Pungky menambahkan, ke depan, pemerintah akan mendorong sektor-sektor ekonomi yang memberikan kontribusi tertinggi ke pertumbuhan ekonomi, yaitu sektor industri, pariwisata, pertanian modern, serta konstruksi dan infrastruktur. Ada lima sektor industri prioritas yang akan mengadopsi perkembangan Revolusi Industri 4.0.
Kelima industri berbasis teknologi itu adalah industri otomotif, makanan dan minuman, elektronik, tekstil dan pakaian jadi, serta kimia dasar, seperti baja dan aluminium.

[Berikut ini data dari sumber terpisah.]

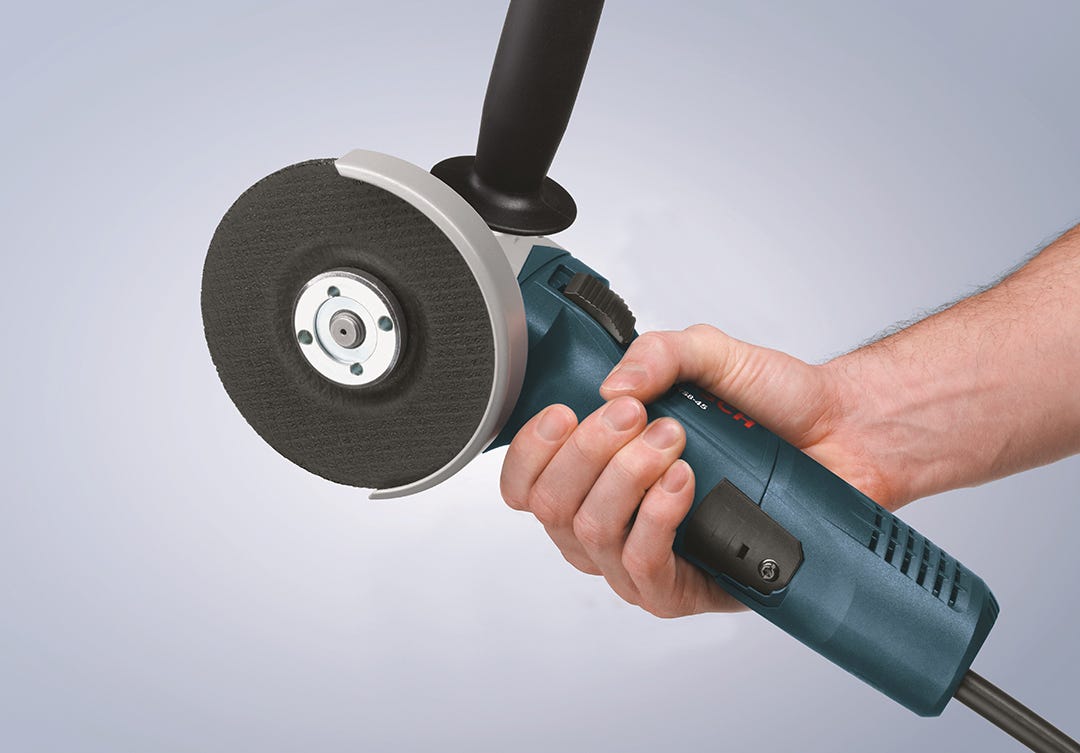 4-1/2 in. Angle Grinder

”Dengan pilihan sektor-sektor itu sebagai unggulannya, kualitas tenaga kerja Indonesia juga akan diperbaiki sehingga pendapatan masyarakat bisa meningkat,” kata Pungky.
Pemerintah akan mendorong sektor-sektor ekonomi yang memberikan kontribusi tertinggi ke pertumbuhan ekonomi, yaitu sektor industri, pariwisata, pertanian modern, serta konstruksi dan infrastruktur.
Sembari memperbaiki iklim usaha di sektor prioritas, lanjut Pungky, pemerintah akan meningkatkan keahlian tenaga kerja vokasi. Indonesia juga mereformasi strategi pemelajaran pelatihan pendidikan vokasi dan teknik (TVET). Keahlian vokasi akan disesuaikan dengan kebutuhan sektor prioritas.
Kepala Pusat Kebijakan Ekonomi Makro Badan Kebijakan Fiskal Kementerian Keuangan Hidayat Amir menambahkan, selama ini sumber pertumbuhan ekonomi terkonsentrasi di Jawa, terutama Jawa Barat. Sekitar 70 persen perusahaan manufaktur mendirikan pabrik di sejumlah kawasan industri di Jawa Barat.